I was not an active Which? member a year ago so can’t comment on Consulation on the Directive. Since I have become active, from around April this year, nuisance calls and non geographic numbers for contacting customer services has been very hot topics. A lot of very hacked off members have commented and are still commenting.

I consider all unsolicited calls to be a nuisance even the charity contacting me after I have made a donation to them. My old energy companies only contacted me months after I switched to a new provider. An energy company calling an elderly person to discuss tariffs can be very confusing or so an elderly friend told me. He tells them all to put it in writing so he can examine it at his leisure. If you have access to a computer you are able to do your own tariff comparison and you can also do it for elderly neighbours, no need for energy companies to call us, unless we ask them to do so. An MP phoning a constituent is very likely to happen indeed. My MP does not even leaflet my road before an election.

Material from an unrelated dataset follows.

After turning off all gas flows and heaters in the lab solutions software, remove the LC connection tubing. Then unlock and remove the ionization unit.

If you read the member’s posts on hundreds of nuisance calls you will realise how many of them feel afraid to answer their own phones. Many are of the generation who feel that calls must be answered as they may be important. By answering all calls they are vulnerable to scam callers. It’s a sad affair that the telephone has become the enemy to them when it is the nuisance callers who are the real enemy.

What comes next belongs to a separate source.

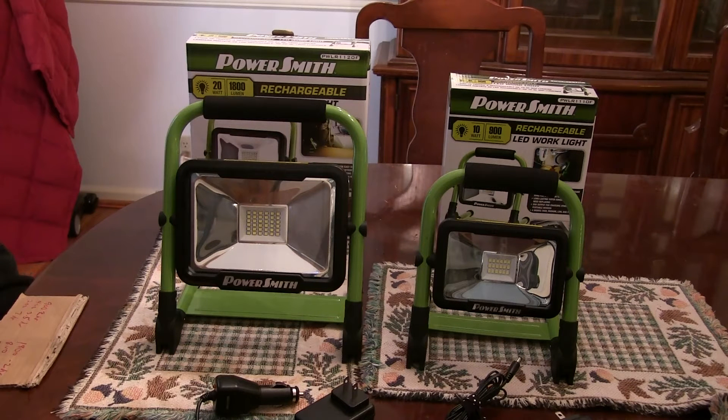Afternoon. Big Red here. Well, I got something I think you'll really enjoy here today. Today we have some LED rechargeable work lights and they're made by PowerSmith.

I agree, Figgerty. I will not be happy until all nuisance calls are stopped. I appreciate that David has put a lot of effort into this before we became involved in discussions, but I resent the suggestion that we are calling for the impossible. Calls need to be opt-in, and that includes market research calls. We are quite capable of deciding if we want to receive calls from charities we support, our energy company and from companies offering to help us claim damages.

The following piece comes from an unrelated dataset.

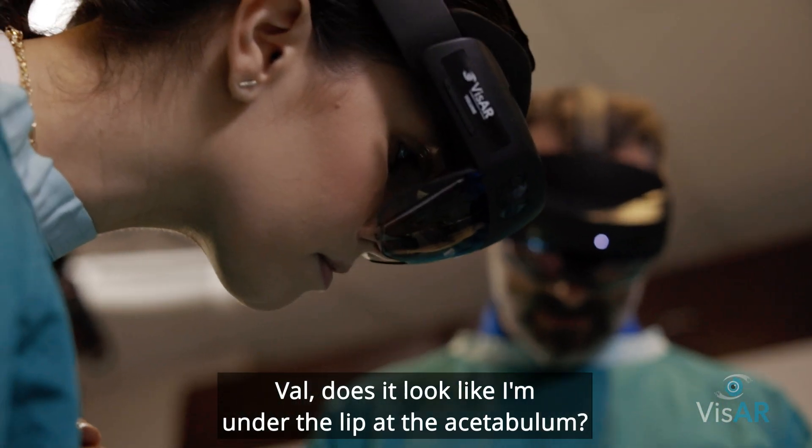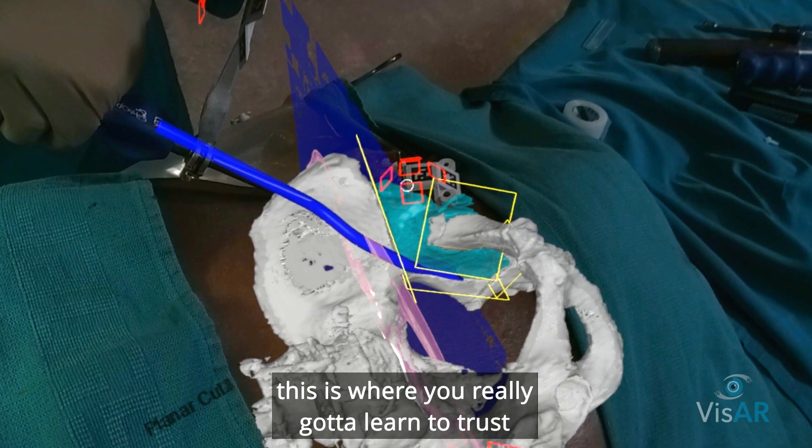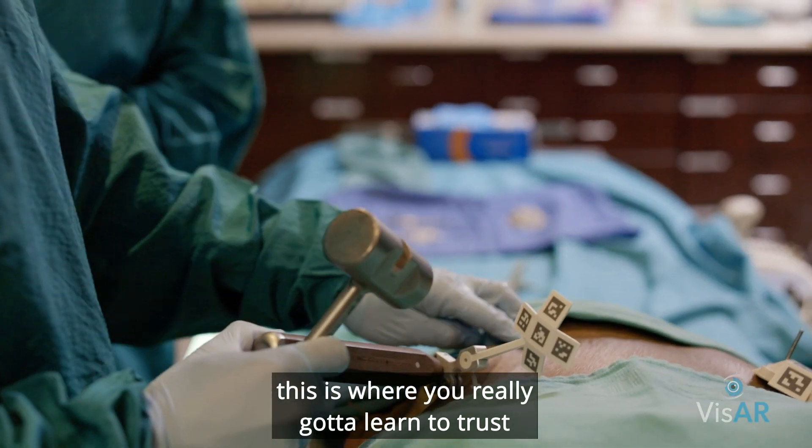Does it look like I'm under the lip of the acetabulum? Yes, you are. I have no idea where my chisel is visually — this is where you really have to learn to trust your navigation.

I’m not sure why we are discussing nuisance calls in this Conversation. 🙁


The fair telecoms campaign is an entirely voluntary body, it is not a delegate for anyone.

If you are concerned about “he who pays the piper …”, you would see Which? as representing only the interests of subscribers to its publications.


If you want a specific example of calling for the impossible –

someone could sign the “Costly Calls Campaign” online petition believing that they are calling for the relevant terms of the recently published draft regulations deriving from the (unchanged) Consumer Rights Directive to be extended to cover timeshare, package travel, financial services and public bodies.

I have picked out one of many possibilities of a call that a signatory may believe they have supported. It is not an unreasonable interpretation, but it is wholly impossible.

I am reluctant to provide apparently unwanted clarity by addressing lots of detail, but I can comment that the main website now contains many significantly different statements of what the Campaign is specifically about. When first presented to me it consisted of three “asks”, neatly reflecting what I see as being the three points that have to be hit, as given in my briefing.

Thanks for all your comments everyone! We’re blown away by the 34,000 signatures we already have for our Costly Calls campaign.

Let’s please keep this discussion on the topic of expensive customer service and complaints lines. We’d love to hear more examples if you have them

David, we campaign on behalf of all UK consumers. Which? Conversation is also available for input from the general public, and not just Which? members. The popularity of this subject here was one reason for us launching our Costly Calls campaign.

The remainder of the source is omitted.